You are viewing a plain text version of this content. The canonical link for it is here.
Posted to user@spark.apache.org by Chitral Verma <ch...@gmail.com> on 2017/11/19 23:08:48 UTC

[Spark SQL]: DataFrame schema resulting in NullPointerException

Hey,

I'm working on this use case that involves converting DStreams to
Dataframes after some transformations. I've simplified my code into the
following snippet so as to reproduce the error.
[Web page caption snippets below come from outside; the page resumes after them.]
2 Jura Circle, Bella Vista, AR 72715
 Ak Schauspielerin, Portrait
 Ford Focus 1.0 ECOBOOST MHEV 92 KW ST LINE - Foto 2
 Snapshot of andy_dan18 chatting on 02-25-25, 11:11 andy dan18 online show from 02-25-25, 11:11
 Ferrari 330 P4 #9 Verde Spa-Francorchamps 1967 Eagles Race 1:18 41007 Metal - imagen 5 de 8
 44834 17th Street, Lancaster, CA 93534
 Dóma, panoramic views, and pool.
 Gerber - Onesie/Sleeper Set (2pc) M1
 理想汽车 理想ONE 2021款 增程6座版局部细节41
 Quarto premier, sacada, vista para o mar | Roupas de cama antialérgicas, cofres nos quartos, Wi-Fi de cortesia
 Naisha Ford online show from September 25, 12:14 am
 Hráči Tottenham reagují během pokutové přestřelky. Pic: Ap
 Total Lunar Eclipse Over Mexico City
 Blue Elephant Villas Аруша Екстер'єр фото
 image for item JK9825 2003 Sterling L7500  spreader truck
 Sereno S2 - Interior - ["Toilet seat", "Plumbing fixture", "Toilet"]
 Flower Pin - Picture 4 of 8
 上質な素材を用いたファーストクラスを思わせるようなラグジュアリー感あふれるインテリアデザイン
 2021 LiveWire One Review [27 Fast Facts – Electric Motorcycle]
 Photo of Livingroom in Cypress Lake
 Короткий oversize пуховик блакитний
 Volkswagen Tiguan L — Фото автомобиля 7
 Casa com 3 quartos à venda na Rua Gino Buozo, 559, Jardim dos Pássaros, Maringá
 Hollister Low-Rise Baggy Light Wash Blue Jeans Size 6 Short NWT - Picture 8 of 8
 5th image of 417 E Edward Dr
Also, I've mentioned below
my environment settings.

*Environment:*

Spark Version: 2.2.0
Java: 1.8
Execution mode: local/ IntelliJ


*Code:*

object Tests {

def main(args: Array[String]): Unit = {
val spark: SparkSession =  ...
  import spark.implicits._

    val df = List(
        ("jim", "usa"),
        ("raj", "india"))
        .toDF("name", "country")

    df.rdd
      .map(x => x.toSeq)
      .map(x => new GenericRowWithSchema(x.toArray, df.schema))
      .foreach(println)
  }
}


This results in NullPointerException as I'm directly using df.schema in
map().

What I don't understand is that if I use the following code (basically
storing the schema as a value before transforming), it works just fine.

object Tests {

def main(args: Array[String]): Unit = {
val spark: SparkSession =  ...
  import spark.implicits._

    val df = List(
        ("jim", "usa"),
        ("raj", "india"))
        .toDF("name", "country")

    val sc = df.schema

    df.rdd
      .map(x => x.toSeq)
      .map(x => new GenericRowWithSchema(x.toArray, sc))
      .foreach(println)
  }
}


I wonder why this is happening as *df.rdd* is not an action and there is
visible change in state of dataframe just yet. What are your thoughts on
this?

Regards,
Chitral Verma